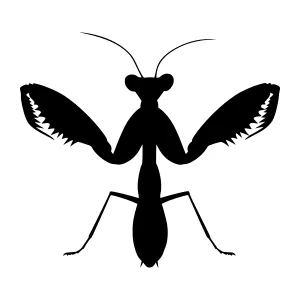 Black Praying Mantis Silhouette Vector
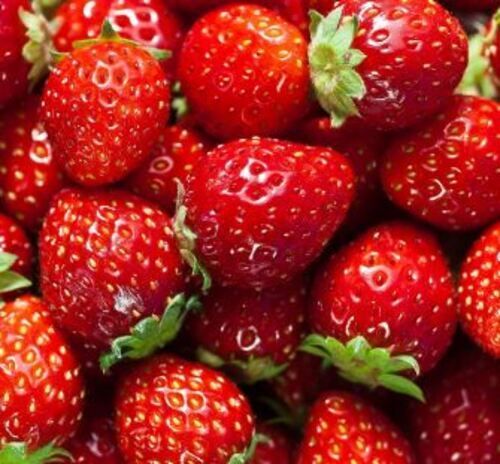 A Grade 100 Percent Purity Indian Origin Naturally Grown Fresh Sweet Strawberry Fruit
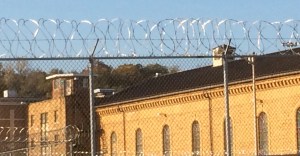 That ain't tinsel atop the fence...but still, there's Christmas joy inside.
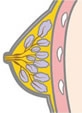 後期の乳腺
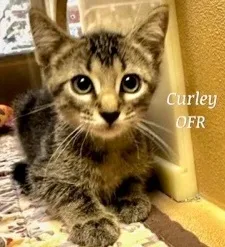 Curley thumbnail 3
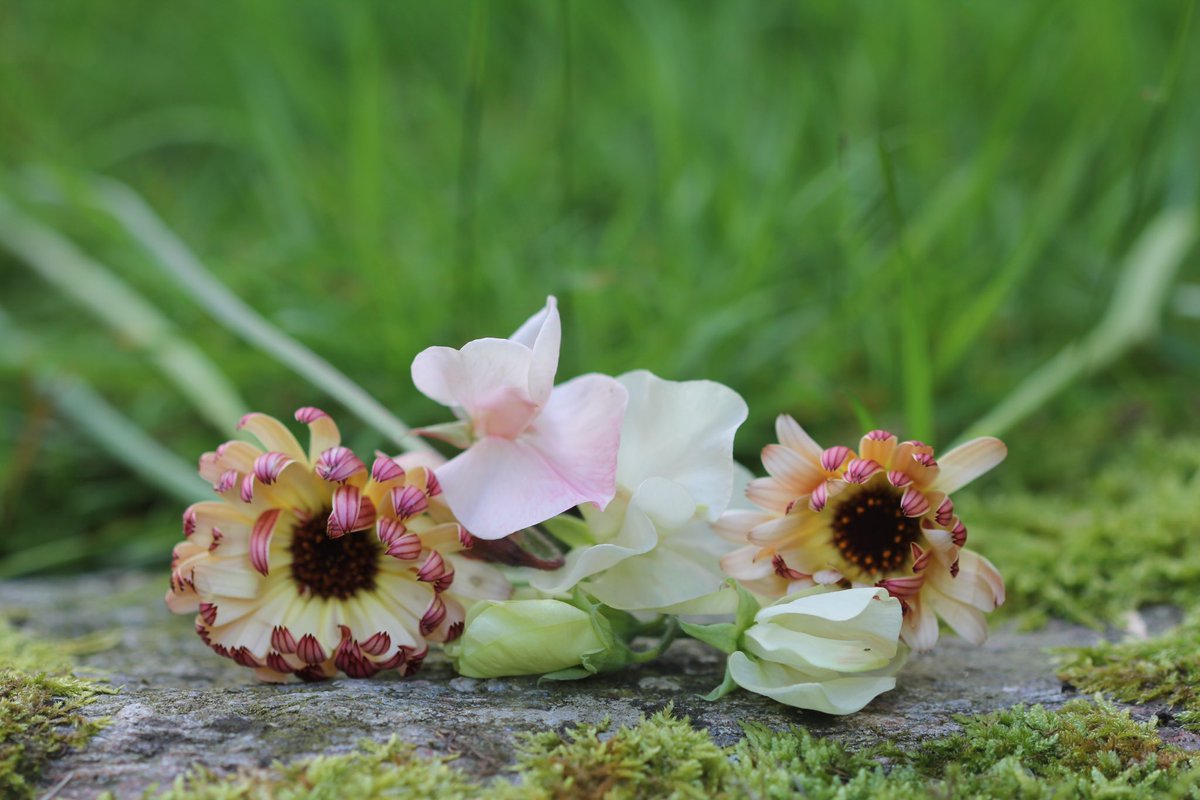 jannibele's tweet photo. #Sweetpeas and #Calendulas are pairing up well. https://t.co/5mkbrCB0eG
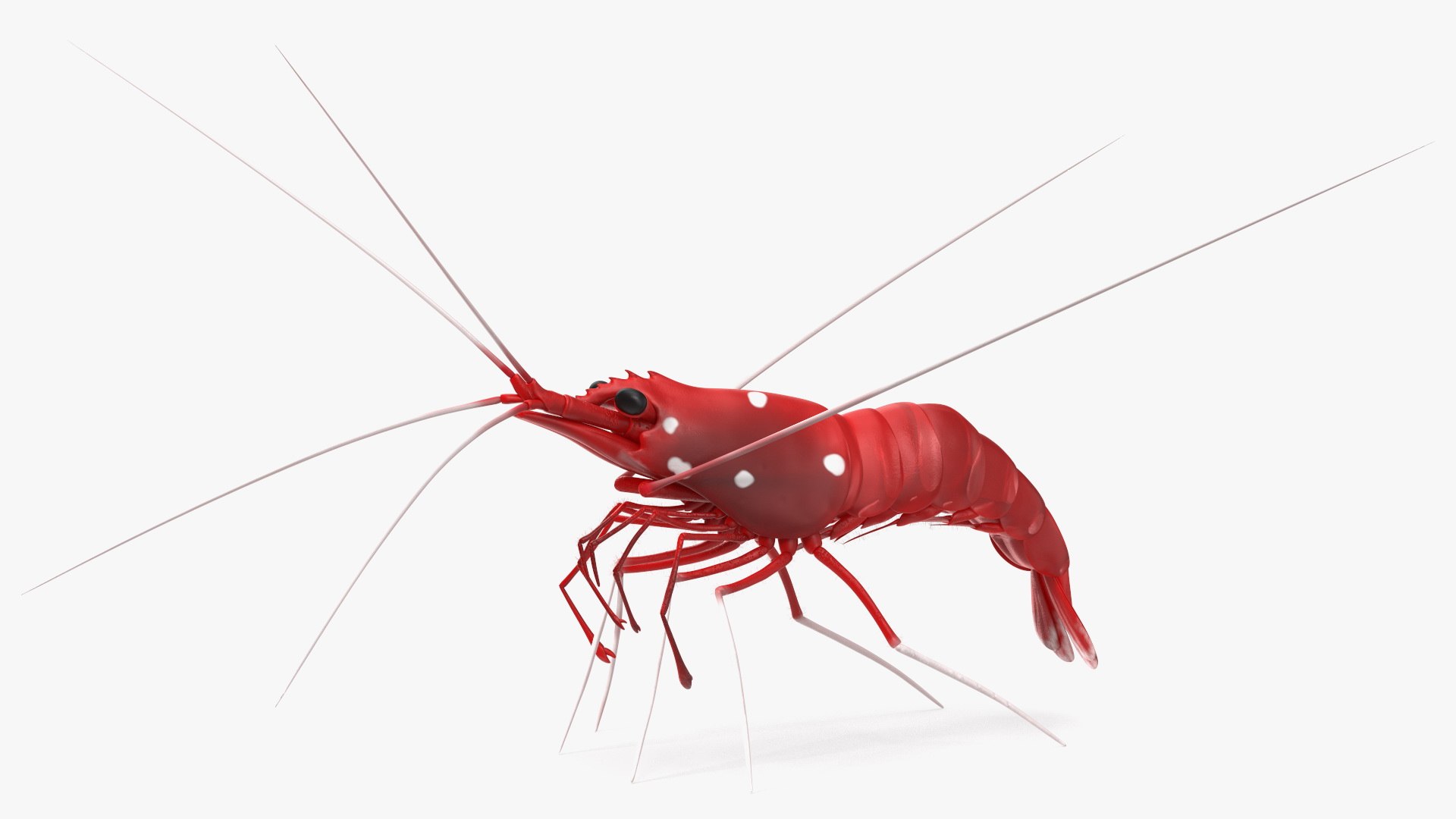 Fire Blood Shrimp Rigged Fur 3D model for medical visualization, anatomy illustration, educational content, and scientific rendering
★ ★ ★ ★ ★ ★ ★
Task item
Return the stretch of data that begins with the line showing "A Grade 100" and goes on through the line showing "jannibele's tweet photo.", exactly, with pictures removed.

Answer space
 A Grade 100 Percent Purity Indian Origin Naturally Grown Fresh Sweet Strawberry Fruit
 That ain't tinsel atop the fence...but still, there's Christmas joy inside.
 後期の乳腺
 Curley thumbnail 3
 jannibele's tweet photo. #Sweetpeas and #Calendulas are pairing up well. https://t.co/5mkbrCB0eG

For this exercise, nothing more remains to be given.